Com as notícias sobre a alteração ao acesso ao ensino superior convém perceber do que estamos a falar e do que precisamos efetivamente. Desde logo convém ter em mente que os açorianos têm uma discriminação positiva através de uma «quota».
Como tem funcionado o acesso: os alunos chegam ao final do 12 e submetem numa plataforma digital um código que contém a informação da média do secundário e dos resultados de cada exame nacional que realizou. O estudante coloca por ordem até seis opções de cursos que pretende frequentar. Tendo em conta o peso relativo exames/média que cada curso pede, para cada opção existe uma nota associada. Os estudantes vão sendo ordenados tendo em conta esses valores sendo distribuídos pelas vagas dos cursos. Há aqui um passo intermédio que é pertinente abordar: enquanto está a fazer a candidatura, o aluno pode usar a preferência regional e contingentes. Quando o candidato pretende ficar na sua área de residência, pode ativar a preferência regional, colocando obrigatoriamente em primeiros lugares as opções nessa área. Para certas categorias demográficas existem umas «quotas»: os contingentes. É aqui que se vai basear a nossa discussão. Cada curso dispõe de uma percentagem de vagas para estudantes açorianos (tal como um x para madeirenses, y para militares e z para pessoas portadoras de deficiência). Assim sendo, um estudante açoriano pode optar por concorrer com contingente e, nesse caso, irá concorrer só com açorianos para ter aquelas n vagas – há regras: se o curso em questão existir na Universidade dos Açores, esta opção tem de estar em primeiro lugar.
Ora, com o anúncio de algumas alterações ao acesso ao ensino superior, tem-se em mira diminuir a percentagem de vagas do contingente açoriano, passando de 3,5% para 2%. Fará isto sentido? Fará sentido, desde logo, o contingente?

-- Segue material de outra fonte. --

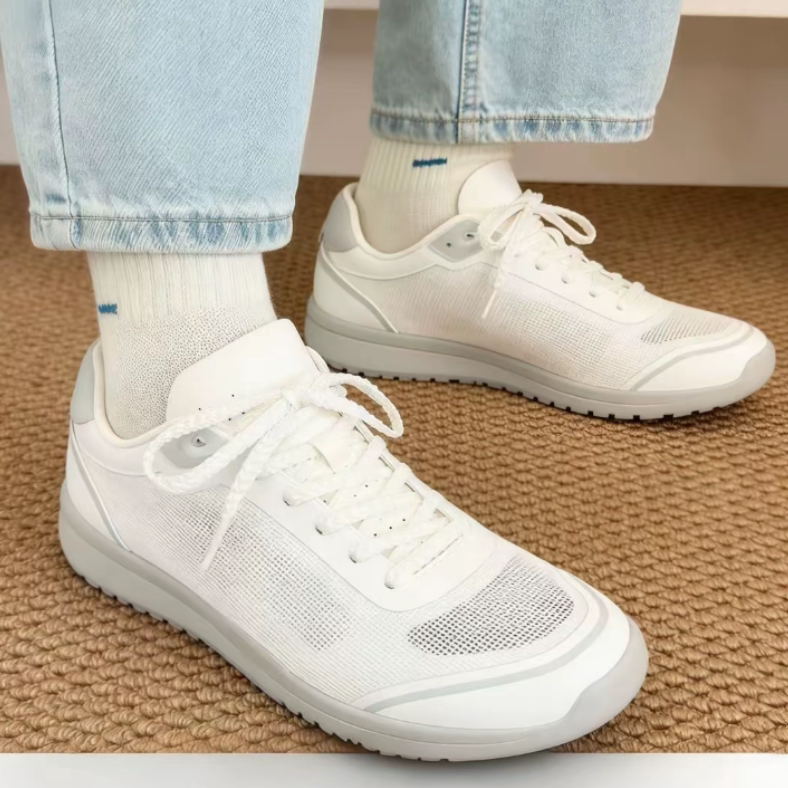 【正品】女款轻盈透气舒适百搭低帮休闲鞋 K0GW5RR17CE-1118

O contingente é um mecanismo para garantir a presença de um grupo demográfico no curso. Se a um curso, pelo menos, um açoriano se candidata e usa o contingente, então esse curso receberá, pelo menos, um açoriano. Há, claramente, uma discriminação positiva. Temos de ter em mente que a Academia açoriana não consegue oferecer toda a variedade de cursos que existem e podem ser encontrados no continente. Pelo princípio da coesão territorial fará sentido a existência deste contingente. Mas pergunto-me se o foco deste raciocínio não estará mal colocado. O problema dos estudantes açorianos para frequentarem o ensino superior no continente está em conseguir ser colocado ou nos custos extra? O problema são as notas ou as despesas de alojamento e viagens?
O contingente terá sido criado num contexto muito diferente do nosso. Temos um sistema regional de ensino, mas submetido aos objetivos programáticos nacionais. Qualquer aluno açoriano está, hoje, em pé de igualdade com alguém que fez o seu ensino no continente. Não existe uma desigualdade de oportunidades como já houve. Continuar a afirmar a necessidade de os açorianos precisarem de um empurrão nas notas é alimentar um estigma.
Hoje é habitual ver nestes contingentes alunos com notas inferiores ao último colocado do geral. Não porque os açorianos não conseguem melhor, mas porque se trata de um número muito reduzido de candidatos. Não quero com isto dizer que alunos com notas mais baixas não possam ter sucesso (atribuir mais peso aos exames nacionais demonstrarão alguma razão nisto, visto o seu caráter mais específico).
Os açorianos não estão em situação de desigualdade, pessoas com carências económicas sim.